Some councils seem to be their own worst enemy... in general though a significant part of the problem is that national and local government don't want to maintain teams of people to do the keyboard work, they seem to think that outsourcing is cheaper.
I left the council contract after a short time because I was disgusted with the organisation of the 'transformation' and complete lack of leadership.
"they seem to think that outsourcing is cheaper"
They certainly do - in some cases they may even be right as anyone actually baking the job even half way is better than a bunch of unmotivated incompetents. Mostly however they just end up with the same incompetents with even less motivation but much more savvy and grasping managers.

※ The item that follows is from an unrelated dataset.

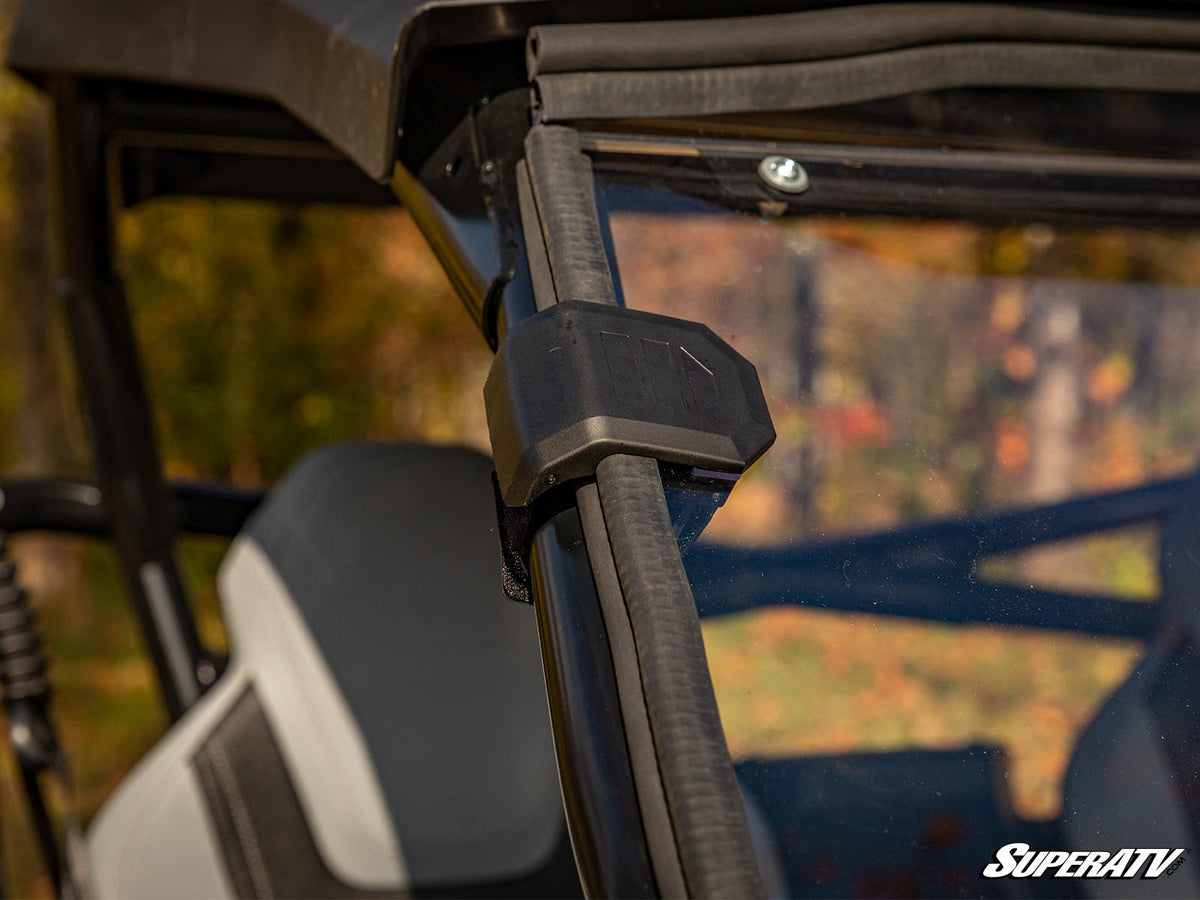 SuperATV Scratch Resistant Full Windshield for CFMOTO ZForce 950 - image 3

In my experience they also believe that someone expensive in a suit is necessarily better than someone they already have in-house regardless of ability and experience. Not to mention the commonplace view that web sites are communications (as in PR) rather than technical projects.
The net result is that simple things are done in a complicated way by people who don't understand the business and managed by baffled twits too scared of the technology to question the expense and too scared for their own positions to admit to the flaws.
All of which means they are a ripe target for cynical commercial enterprises looking for some easy money - easy money that doesn't dry up so fast in a recession either.
My local parish council uses a CMS I knocked up a few years back (at no cost to them). I'm constantly amazed that the office for Communities and Local Government don't provide free domain name registration and perhaps Joomla / Drupal / Plone / Whatever instances, or at the very least decent hosting for local town / parish councils. This would save them all spending public money endlessly re-inventing the wheel.
Oh, no wait - that's Big Bad Central Government. Top Down. Evil. Bollocks.
lol local authorities. i used to work in one - nobody does anything. turn up at 10am, have a 2 hour lunch break and piss off at 3.30pm. this is the blight that has plagued local councils since the 1970s. they have more money than they know what to do with, far too many people employed to do relatively little and a large proportion of the decision making staff have little idea about any aspect of IT, it's expected costs or even it's real world practicalities.
ironically, i suspect 99% of all UK local authority staff could be replaced by a computer. not each. just one computer.
What are you comparing a council to?
If you do like-for-like comparisons between a county council with maybe 30,000 workers serving around 400,000 households with 850,000 residents (these are the approximate figures for Norfolk) against a corporation with 30,000 employees and close on a million customers, I think that the figures may be surprising.
How much do you think that a small bank, or possibly IBM UK spend on their web sites. I'm sure that the comparison would be very interesting. I would not be surprised if the councils spend less.
And look at the services they are being forced to supply (by government regulation) on the web, even if only to tell people their rights and entitlements. Housing, social services, schools, care provision, refuse collection, environmental health, roads, planning, enforcement of regulations, business rates, council tax, court services, local business development. And I'm sure I've missed many out. All the information has to be correct within guidelines.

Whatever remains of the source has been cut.